We're considering driving straight through. I'd do the first nine hours while B sleeps, and then he'd pick up so I could rest. I have a cousin in Columbia, SC, so we'd probably stop there if we needed to rest.

On the other hand, I am extremely impatient and hate being confined in a car for much longer than a few hours, so the Auto Train idea definitely has its merits. Driving straight through is B's idea.  When he moved to MI, he drove the 24 hours from ABQ to KAL with just one stop for a 3-hour nap. 

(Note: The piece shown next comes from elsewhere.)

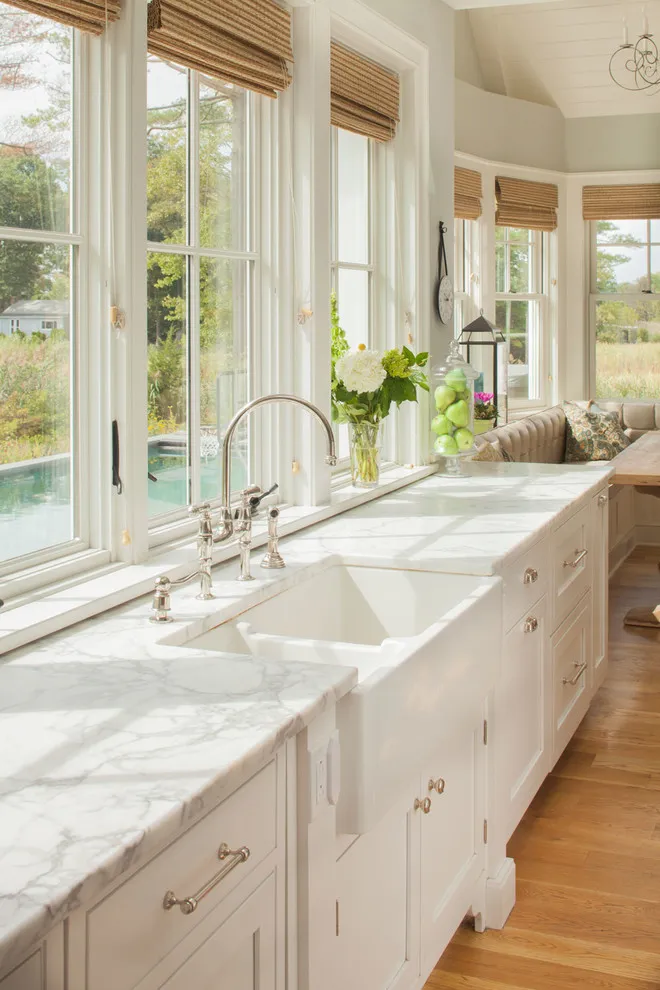 Light cream lower cabinets extend beneath several bright windows and pale counters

I could survive a night in Coach if it involved free food (and it's not like it's a very long trip). Plus, I love the idea of being able to watch the scenery along the ocean stretches. I didn't realize how close Sanford is to Orlando, so you make a very good point about saving on gas/hotel (if we didn't stay with my cousin). Thanks, Ryan.  I'll definitely reconsider and talk to B about it.


----------



## Ryan (Jan 2, 2013)

That'd be a crazy though drive!!! My limit is about 13 hours, even with team driving.

Happy to help! (but sorry, no Auto Train scenery along the ocean)


----------



## Trogdor (Jan 2, 2013)

Ryan said:


> They did, the blue lines are planes, the red ones are trains.


Sooooo confusing.


----------



## Swadian Hardcore (Jan 3, 2013)

Trogdor said:


> Ryan said:
> 
> 
> > They did, the blue lines are planes, the red ones are trains.
> ...


But you said all that stuff about "check-ins" and whatnot.


----------



## Texan Eagle (Jan 3, 2013)

Swadian Hardcore said:


> Trogdor said:
> 
> 
> > Ryan said:
> ...


Why is that so difficult to understand?

A person reports he is at airport A at one time. Few hours later he reports he is at airport B. This means he flew from A to B, so that's one set of data you got. Now rinse repeat this for several thousand passengers and you get nice collection of data showing where people are flying from and to. Similarly with trains. And driving. What's confusing here?


----------



## Ashland Train Enthusiast (Jan 3, 2013)

jis said:


> And white ones are car.
> 
> At least I find this map quite illuminating. With the blue lines you can almost see the hub and spoke strategy of all airlines displayed nicely.
> 
> The red lines clearly show the corridors where most of the rail travel takes place.


I think what's also interesting is the what appear to be one-off rail trips like in what I think is Minneapolis, as well as what I'd guess to be Memphis -> Jackson, and then in Atlanta and FL too. Given that I'd venture a guess to say that Foursquare users are generally younger and more technically savvy, we can also look at this to see what methods of transportation this segment of the population frequent.


----------